3. Applications of Voltammetric Analysis for Three or More Heavy Metals Simultaneously

Voltammetry has been used for determination of three or more heavy metals in various samples, as described in Table 3 and in the following sections.

3.1. Simultaneous Determination of Cu, Mn, and Zn

Cu, Mn, and Zn are important micronutrients in soil. Their simultaneous determination has been achieved by differential pulse stripping voltammetry (DPSV) and square wave stripping voltammetry (SWSV) with a pencil graphite electrode in soil samples [100].

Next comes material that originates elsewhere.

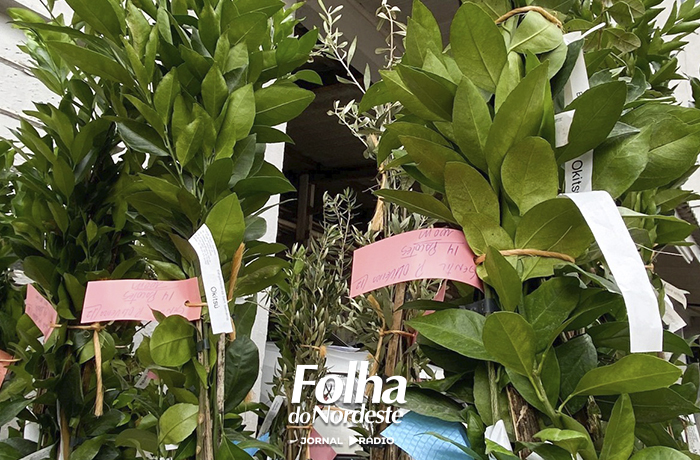 Aberto prazo para pedidos de mudas frutíferas e ornamentais em Lagoa Vermelha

3.2. Simultaneous Determination of Pb, Cd, and Hg

Simultaneous determination of Pb, Cd, and Hg was performed in water samples, utilizing anodic voltammetry. The electrode was a 3D-printed graphene and polylactic acid electrode and as an electrolyte a 1 mM solution of Ferrocenemethanol was used. Hg was easily measured at trace levels in unformatted graphene/Polylactic acid, but Pb and Cd required Bi microparticles to reach the required detection limits [101]. By differential pulse stripping voltammetry, metals were determined in samples of liquid foods, namely orange juice, apple juice, and cow’s milk. A nanoelectrode was modified with Au, and the results gave low detection and quantification limits. The mobile phone-based electrochemical platform enabled sensitive and affordable monitoring of heavy metals in popular liquid foods, with minimized requirements for laboratory instruments and technical expertise [102]. With the same electroanalytical technique, metals were detected in tap and river water samples in a 0.1 M HCl solution. A carbon paste electrode with Na2CO3 and active Hordeum vulgare L. powder was used as the working electrode [103].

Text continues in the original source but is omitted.